My top ten ways to stick two fingers up to the climate denial movement

Today’s Observer newspaper contains an interesting article about how the climate denial movement has transformed into the climate confusion movement. In this article I suggest ways we, as individuals, can avoid playing into their hands.

I live my life inspired by natural systems – the ways they have been successful for 3.8 billion years, and specifically trees, that have a good 200m year track record in research and development. The tell us that the way to live is to follow the road of action, rather than inaction. Think productive, not paralysed, a tactic of problem-solving, trial, error and stickability.

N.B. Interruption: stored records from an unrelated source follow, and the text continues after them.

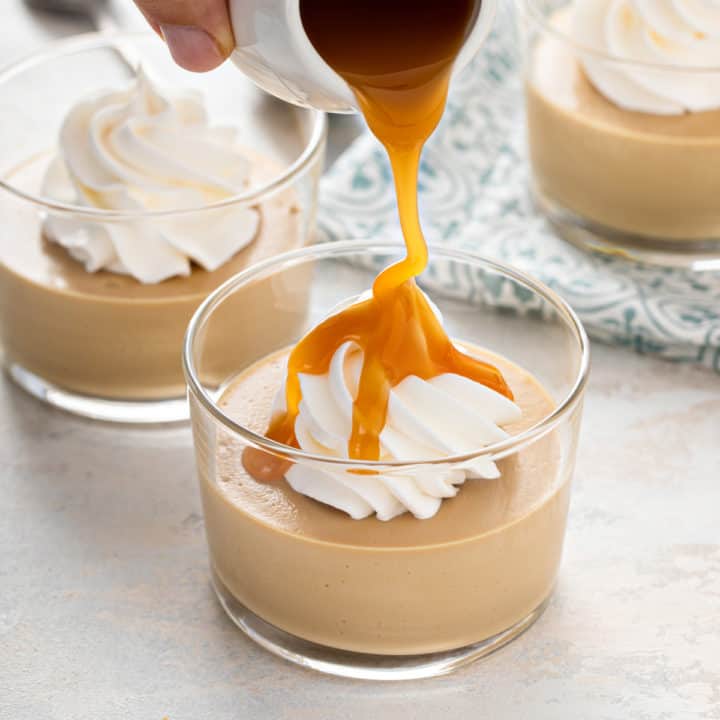 Caramel sauce being poured over a dish of butterscotch pudding topped with whipped cream.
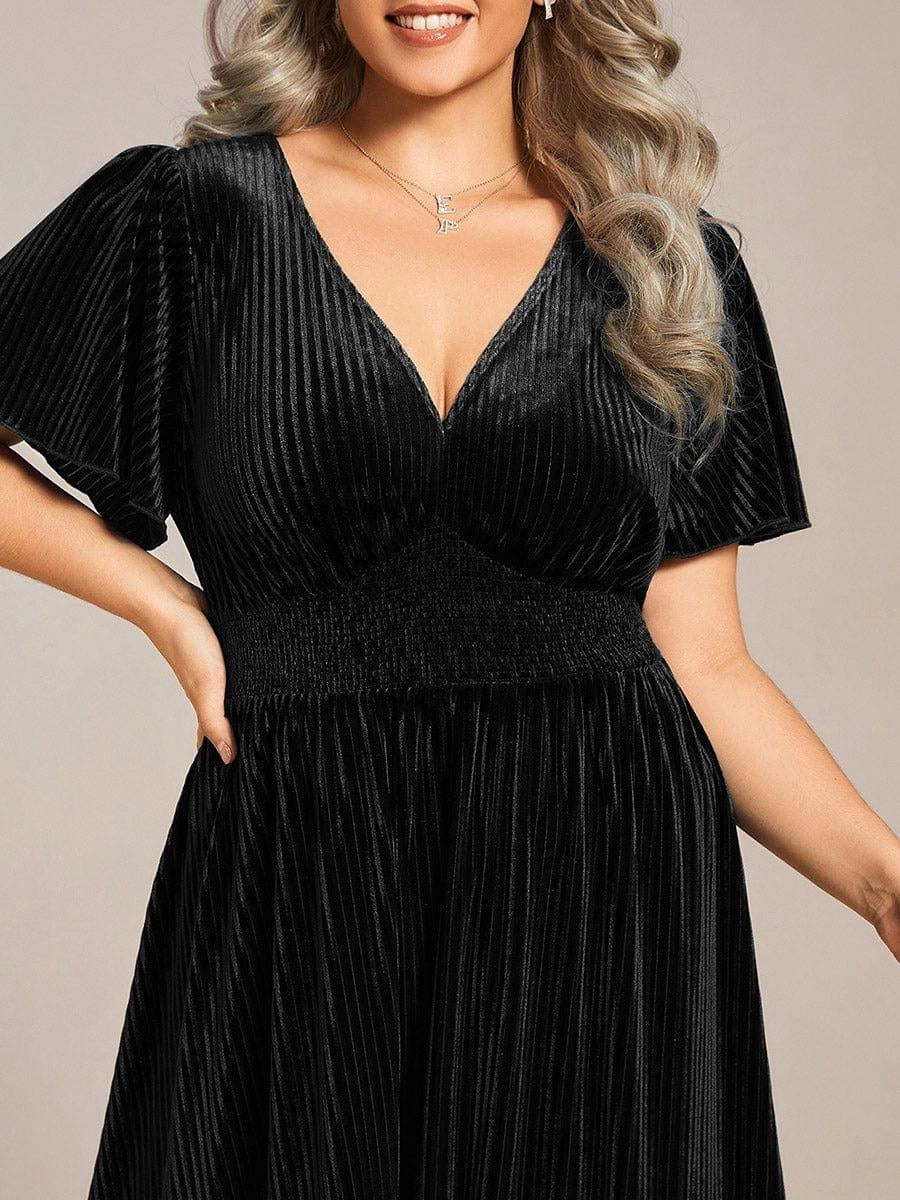 Black velvet A-line midi dress with V-neck and flutter sleeves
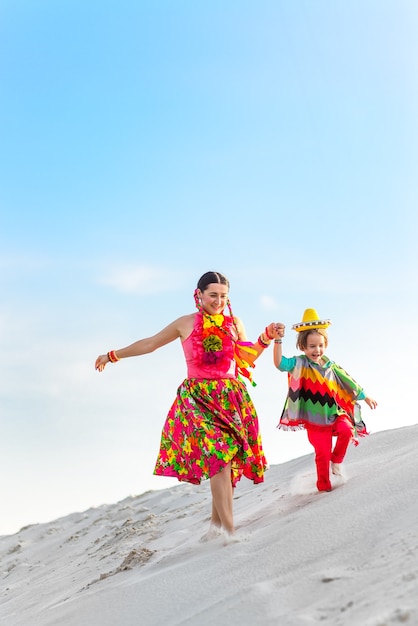 Vrolijke jongen en zijn gelukkige moeder die op zand lopen.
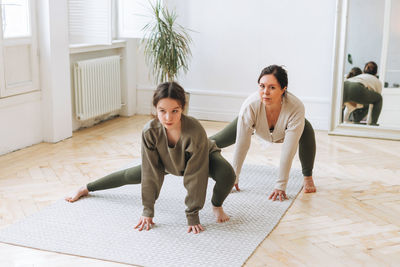 Attractive mother middle age woman and daughter teenager ptactice yoga together in the bright room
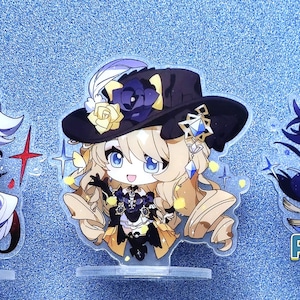 May include: Three anime character acrylic stands. The characters are a white-haired male with red eyes, a blonde female with blue eyes, and a purple-haired male with blue eyes. The stands are on a blue background.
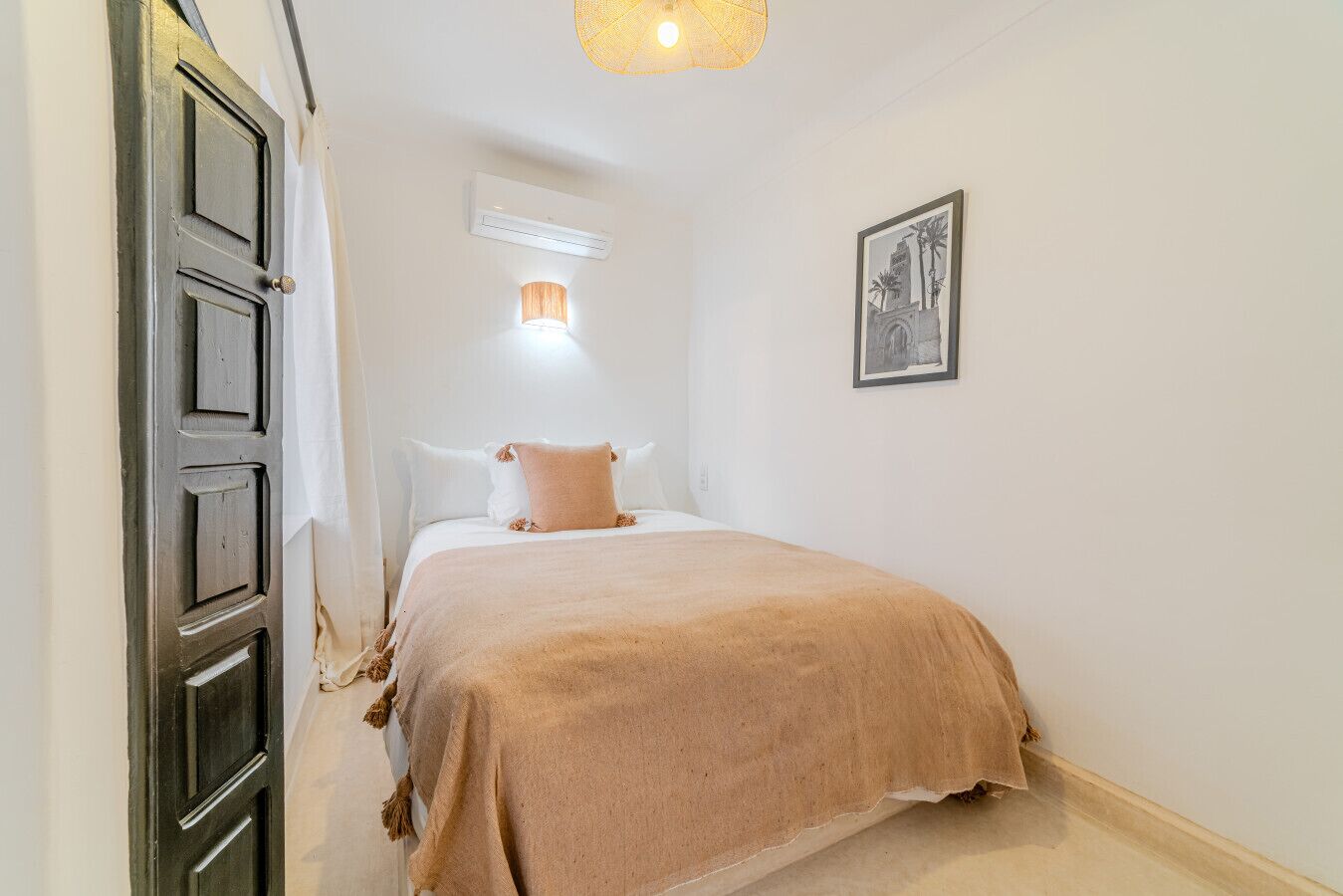 Un couloir étroit mène à une chambre où se trouvent un lit, un climatiseur fixé au mur et un tableau encadré.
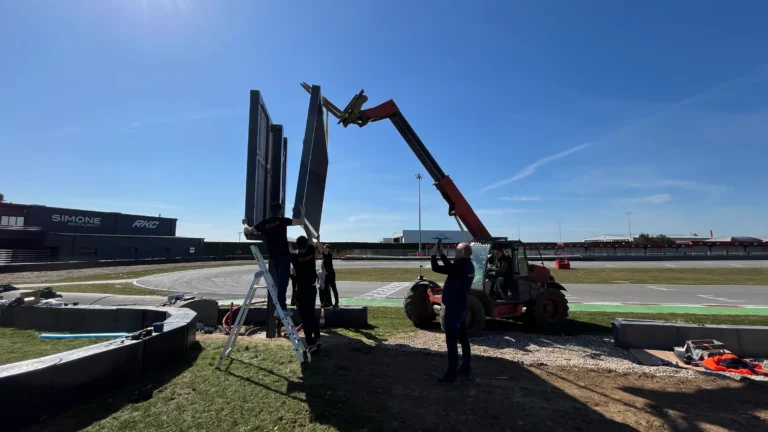 Technicians and a telehandler raising two COBALT LED screens trackside under a clear sky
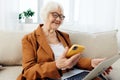 a cheerful, joyful old lady in a brown pantsuit is sitting on a cozy sofa holding a smartphone in her hand and a laptop Royalty Free Stock Photo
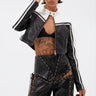 A woman wearing the WEST LOOP RACER MOTO black and white cropped jacket, lace-up leather pants, a visible lace bra, and sunglasses holds a matching bag. She sports wet-look hair and a large torso tattoo.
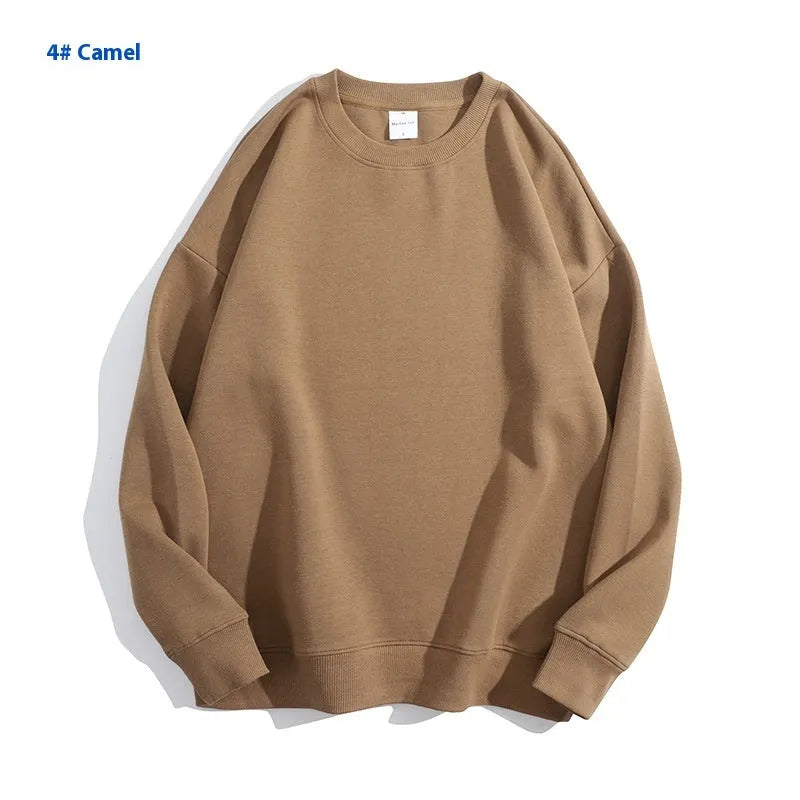 Women's loose fit cotton off shoulder sweater in a solid colour with round neck and long sleeves.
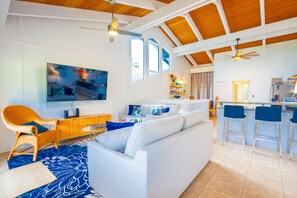 Een ruime woonkamer met een witte bank, een rieten fauteuil, een televisie en een keukenhoek met barstoelen.
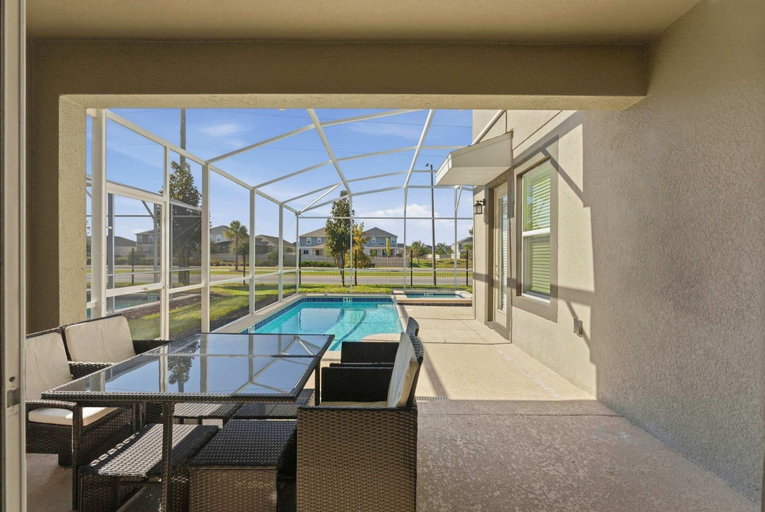 Outdoor dining 4, 5BR Resort Home w/ Private Pool Near Disney, Osceola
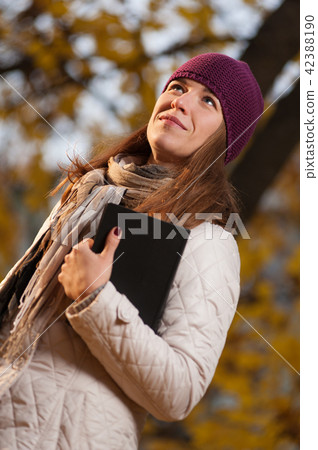 Positive student with book in hands in the fall park Positive student with book in hands in the fall park 42388190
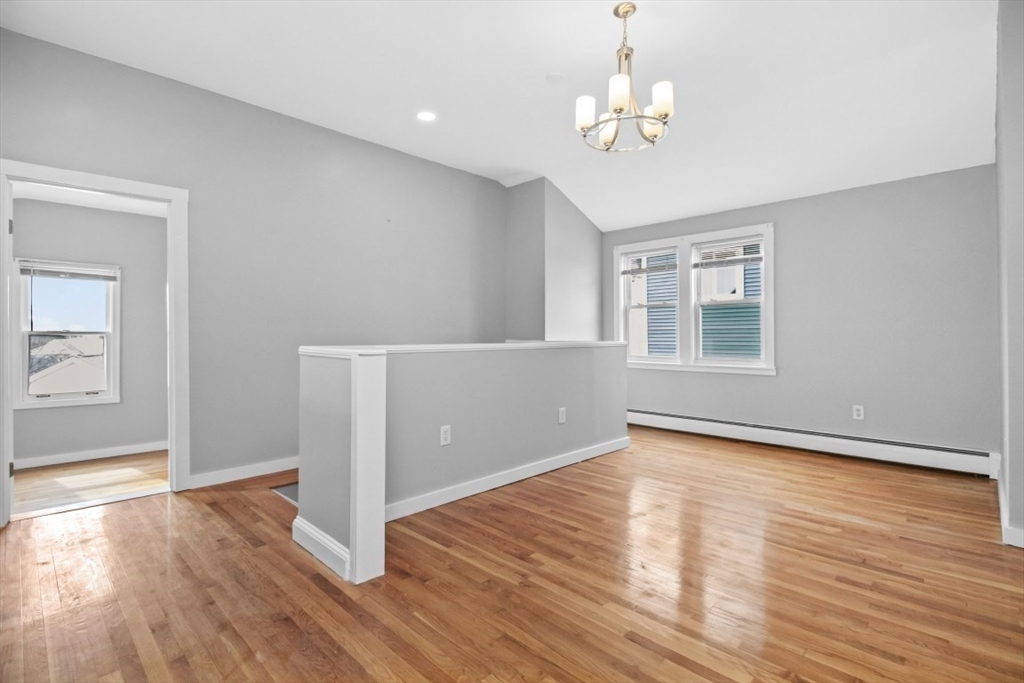 66 Stanley Street Boston, MA 02125 - Photo 30 of 42 wooden floor in an empty room with a window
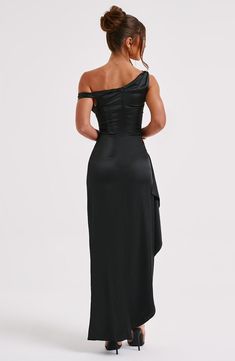 Timeless, glamorous and super romantic, the Juliene maxi is this season's showstopper. Cut from our sumptuous bias cut satin which cinches the figure but also drapes beautifully, this design features a built in corset to snatch the waist, an asymmetric neckline and gathered detailing with a thigh high split. An elegant drape detail falls from one side to make this dress feel super elevated and special. 



Colour: Black.

Luxury bias cut satin without stretch.

Asymmetric straps.

Built in corse Fitted Maxi Dress With Satin Finish For Evening, Fitted Satin Dress With Ruched Bodice And Maxi Length, Pre-draped Satin Maxi Dress, Pre-draped Maxi Dress For Prom Evening, Satin Maxi Dress With Fitted Bodice For Night Out, Fitted Satin Finish Maxi Dress For Gala, Satin Finish Fitted Maxi Evening Dress, Satin Maxi Dress With Fitted Bodice, Draped Satin Evening Dress With Satin Finish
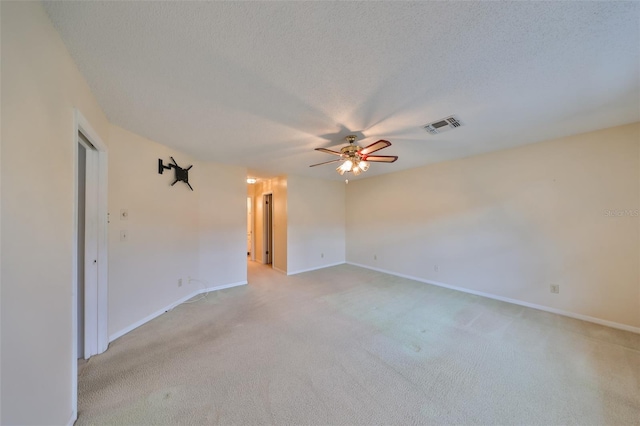 empty room featuring a textured ceiling, ceiling fan, and light carpet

Conversely, our humans brains, when faced with problems, often become stuck, not knowing what to do, and unable to make decisions. One such problem is the climate crisis – our responses are various – denial, fear, confusion, hopelessness, frustration, anger, sadness, grief, guilt. If you recognise these in yourself, then rest assured they are all totally natural. However, they all tend to lead to paralysis rather than action and none of these are going to help confront the biggest problem that humans have ever faced.

The scary thing happening right now is that the climate denial movement has new tactics. They know they can’t win the battle against the science that proves that man-made climate change is real. So they have upped the ante in face of the global climate action that is forcing change. They have manoeuvred on three main fronts.

First, to promote the view that individual actions should be the way forward, rather than confronting the corporations and structural economic problems that are the root causes. First win for the ‘business as usual’ climate confusion lobby. Of course we should do both. Recognising that the big structural changes that address our industrial ‘destructoculture’ (such as rapidly phasing out fossil fuels) will have the biggest impact, not only on carbon emissions and global heating, and on protecting and increasing biodiversity and wildlife. But individual actions do make a difference and most importantly, demonstrate to governments that people are willing to make the significant lifestyle changes necessary. (Of course billing them as ‘sacrifices’ rather than opportunities is another great climate confuser tactic, but that’s a whole different story).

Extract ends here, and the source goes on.